Captioned web image data
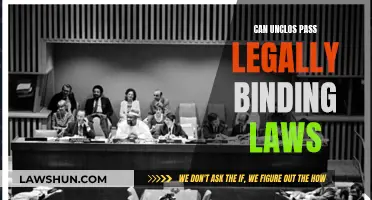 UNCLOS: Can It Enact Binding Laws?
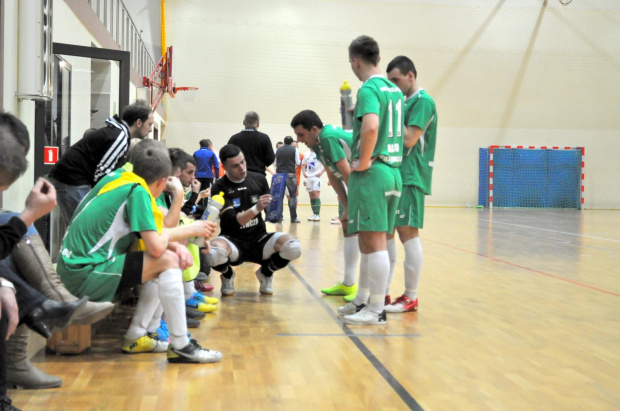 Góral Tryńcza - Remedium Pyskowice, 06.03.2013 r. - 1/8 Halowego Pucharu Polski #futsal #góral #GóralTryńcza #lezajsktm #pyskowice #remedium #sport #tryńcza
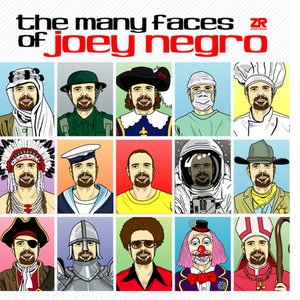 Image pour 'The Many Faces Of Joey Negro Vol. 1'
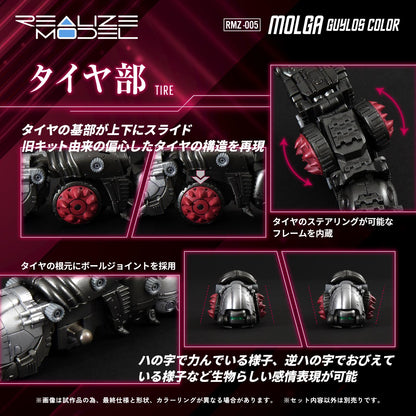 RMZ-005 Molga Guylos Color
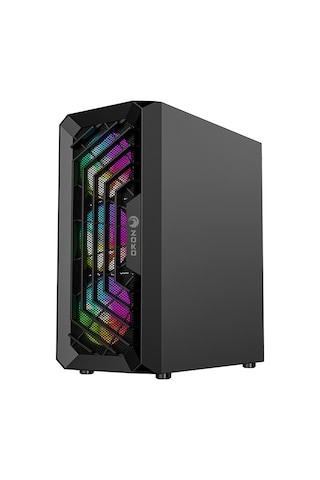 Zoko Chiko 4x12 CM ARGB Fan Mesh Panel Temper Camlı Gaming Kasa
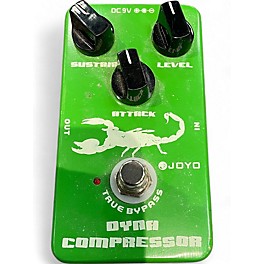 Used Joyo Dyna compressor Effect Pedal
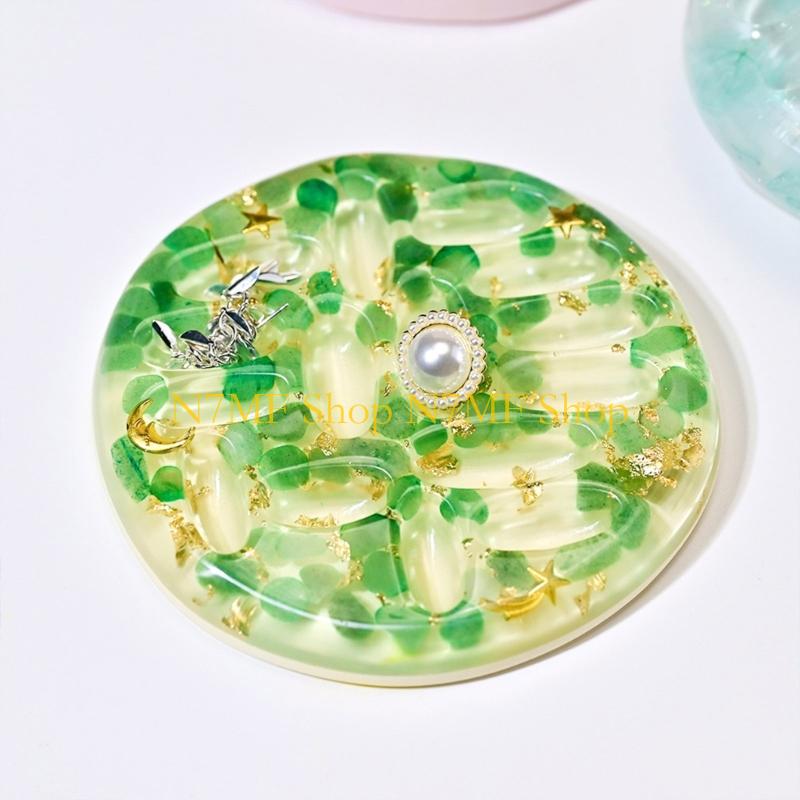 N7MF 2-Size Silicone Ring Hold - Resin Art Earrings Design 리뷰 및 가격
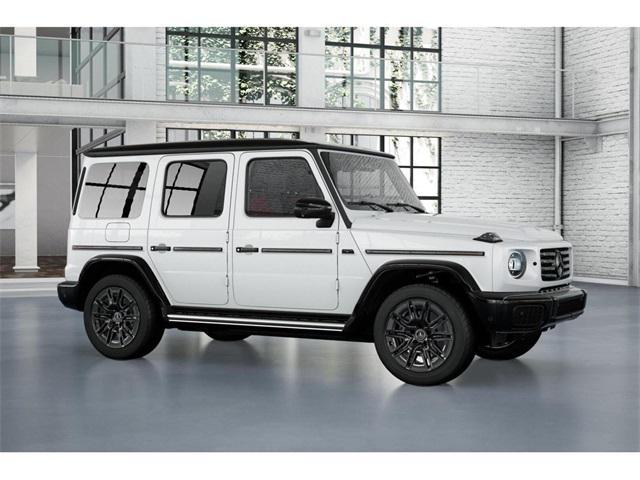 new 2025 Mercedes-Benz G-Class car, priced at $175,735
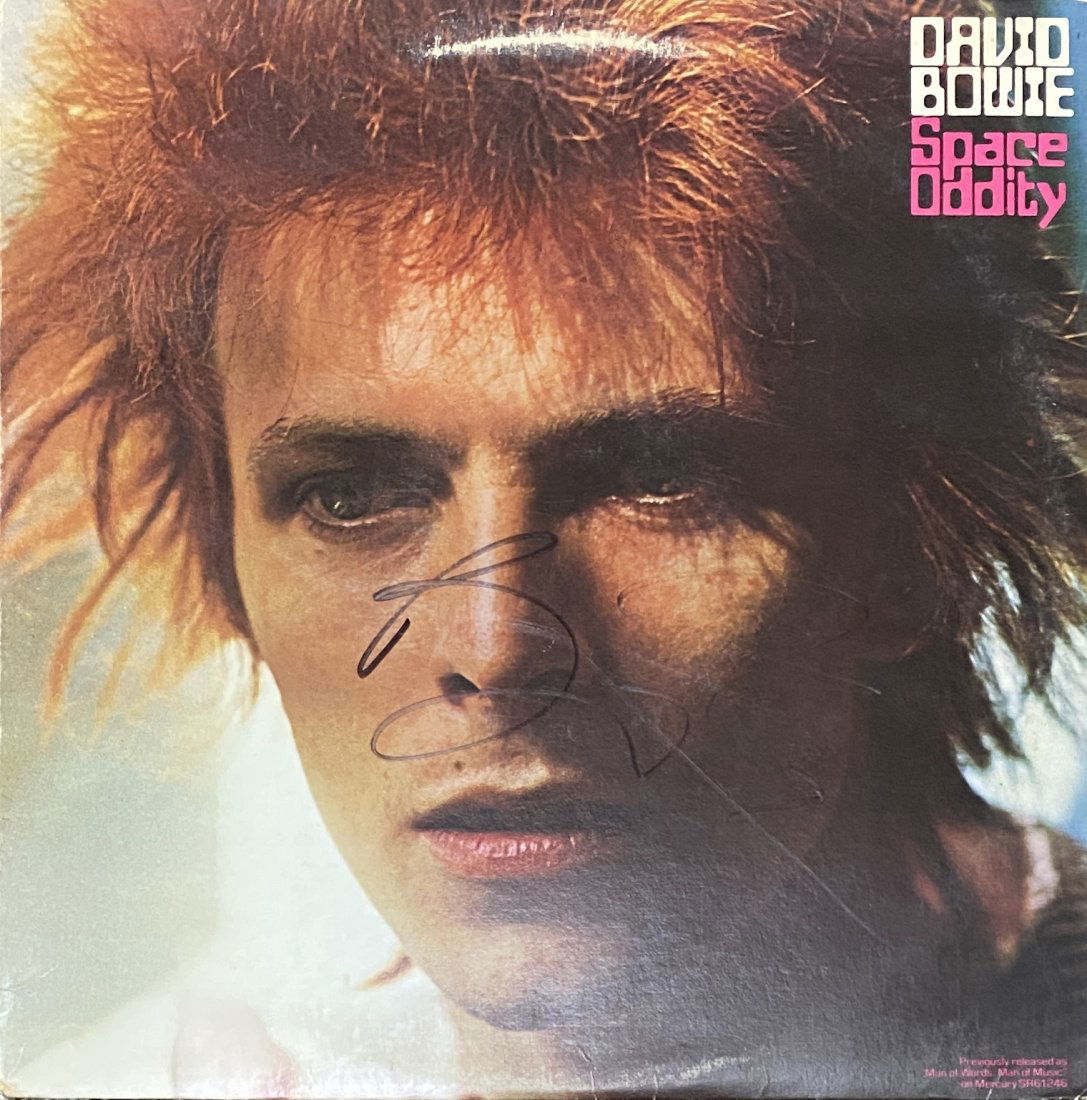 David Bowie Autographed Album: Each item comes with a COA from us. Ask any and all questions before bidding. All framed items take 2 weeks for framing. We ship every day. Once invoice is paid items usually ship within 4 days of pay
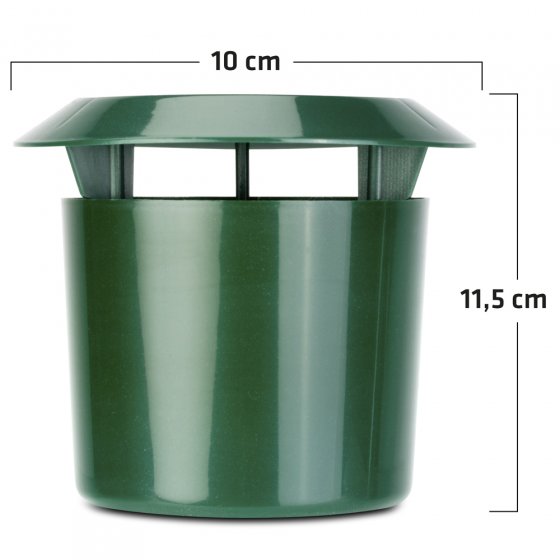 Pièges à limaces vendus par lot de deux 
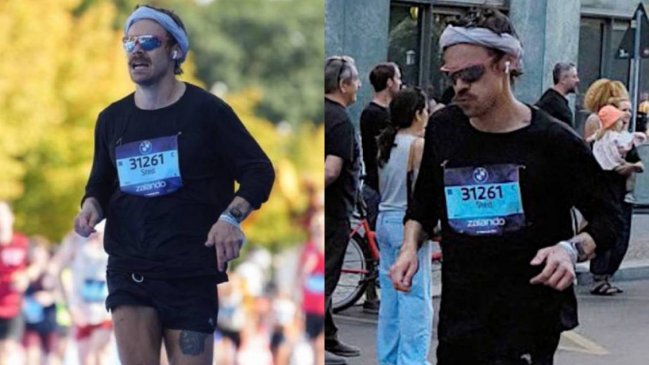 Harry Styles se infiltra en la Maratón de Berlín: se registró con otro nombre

### To do
Leave every picture out, and transcribe the data above exactly as it reads.

### Answer to the problem
 UNCLOS: Can It Enact Binding Laws?
 Góral Tryńcza - Remedium Pyskowice, 06.03.2013 r. - 1/8 Halowego Pucharu Polski #futsal #góral #GóralTryńcza #lezajsktm #pyskowice #remedium #sport #tryńcza
 Image pour 'The Many Faces Of Joey Negro Vol. 1'
 RMZ-005 Molga Guylos Color
 Zoko Chiko 4x12 CM ARGB Fan Mesh Panel Temper Camlı Gaming Kasa
 Used Joyo Dyna compressor Effect Pedal
 N7MF 2-Size Silicone Ring Hold - Resin Art Earrings Design 리뷰 및 가격
 new 2025 Mercedes-Benz G-Class car, priced at $175,735
 David Bowie Autographed Album: Each item comes with a COA from us. Ask any and all questions before bidding. All framed items take 2 weeks for framing. We ship every day. Once invoice is paid items usually ship within 4 days of pay
 Pièges à limaces vendus par lot de deux 
 Harry Styles se infiltra en la Maratón de Berlín: se registró con otro nombre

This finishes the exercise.